”The two lions crouched on top of their pedestals, frozen in preparation to leap. One was snarling, its stone teeth menacing in the late-afternoon shadows, while the other stared out with disdain at the broad sweep of empty soybean fields that lay just across the state highway, a disdain made all the more pointed because the lion was missing its left eye.
“The missing eye was their only flaw.“
A well-respected all-boys preparatory school, where young men are trained for their promising futures in a setting that brings to mind Dead Poets Society, among these fine young men are two who become good friends over these four years, Matthias and Fritz. Soon it will be time for college, and then their lives beyond as men, aware of the promise the future holds - providing they remember all they’ve been taught. Fritz disappears one evening, shortly after words came between him and Mathias over the honor code.
”Don’t lie. Don’t cheat. Don’t steal. Don’t permit others to do those things, either. Simple.”
Matthias goes off to the college of his choice, and becomes a writer. He lives the ‘high’ life for a while, and then, Matthias returns years later. He’s now a published author of a book, which did quite well, but he’s been unable to write another book since, the muse that inspired his debut novel seems to have abandoned him.
”The unchanging school had reminded them of how they had changed, and conjured in them sorrow at the loss of intangible things, innocence and youth and time.”
Ten years have passed since Matthias graduated, and left for college. In returning to the site of his friend’s disappearance, Matthias has still never accepted that Fritz will never be found. The memories associated with this place, the memory of their friendship, everywhere he looks is another memory.

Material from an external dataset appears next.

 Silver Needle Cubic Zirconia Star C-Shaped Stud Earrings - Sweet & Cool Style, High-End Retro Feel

”And all of this came to nothing, a void that grew around the hole that Fritz had left behind him, a hole that exerts its pull on us still.”
I was completely pulled into this world, it felt so insular, so far from the everyday world we know. Elite, yes, but almost as though it were enclosed in a bubble, knowing that life goes on outside, but why would anyone want to leave this lovely, peaceful, tranquil space set in the hills of Virginia? And yet… inside this world once again, Matthias seems to unravel even more, unwilling to accept the unresolved fate of Fritz, unwilling to accept that his family’s willing to let go, to give up.

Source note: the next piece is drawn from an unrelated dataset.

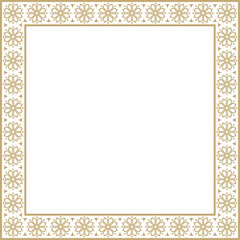 Vector square gold ancient Russian ornament. Slavic rectangle, border, frame. Painting of the royal chambers.
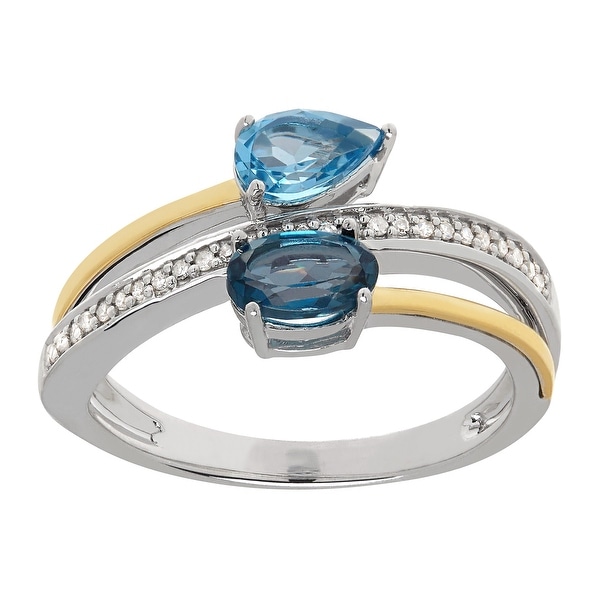 1 ct Natural Swiss & London Blue Topaz Bypass Ring with Diamonds in 14K Gold & Sterling Silver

This is told through Matthias as both a student, and a teacher, alternating times from days preceding and immediately after Fritz’s disappearance to ten years later when Matthias returns to teach. A coming-of-age tale to a re-discovering yourself tale, and finding a new way of life once the old has disappeared, when life or love have failed you.
This book has a slow build-up, but it’s so well-written I was enjoying every bit of this story, and then around the story picks up momentum and there was nothing in this that even hinted at the ending, which I loved. Part mystery, and partly a story of redemption, and, of course, the lasting bonds of friendship, and the influence those friendships have on us, and how we view the world.
Many thanks, once again, to the Public Library system for the loan of this book!